‘Why don’t we have this kind of tree in Missouri?’ a young visitor wonders, after discovering that biodiversity is greater in the tropics.
‘How can “dirt and gravel” purify water?’ another ponders as she stares at a terrarium ‘ecosystem’.
‘I told you! It’s the people who are having all those babies who are destroying our environment,’ a third exclaims after watching a counter tick off increases in population and dropping acreage of rain forest.
Garden staff wince as they overhear statements like these. As educators, we are pleased that visitors are thinking. At the same time we are chagrined to hear their erroneous conclusions.

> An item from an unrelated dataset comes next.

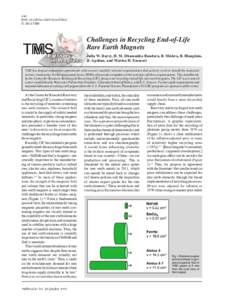 JOM  DOI: s11837 Ó 2013 TMS  Challenges in Recycling End-of-Life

Visitors’ questions often require complex answers. The very best exhibit can only provide so much information. And the lesson the visitor takes home may not be the one intended.
As botanical gardens assume a greater role in helping the public make sense of global environmental change, they are increasingly challenged to help their visitors understand complex conservation issues. While their plantings can present biodiversity, and their collections may exhibit fascinating adaptations, plants cannot speak for themselves. How can we engage visitors, and answer their questions, while using the power of these collections?
Eco-Cart demonstrations at Missouri Botanical Garden successfully address this challenge. These demonstrations use several approaches that are known to have great power in stimulating learning:
- live presenters talk with visitors
- visitors participate in the presentations
- the content of each presentation is linked back to visitors’ daily lives
- visitors leave with a memento of their contact.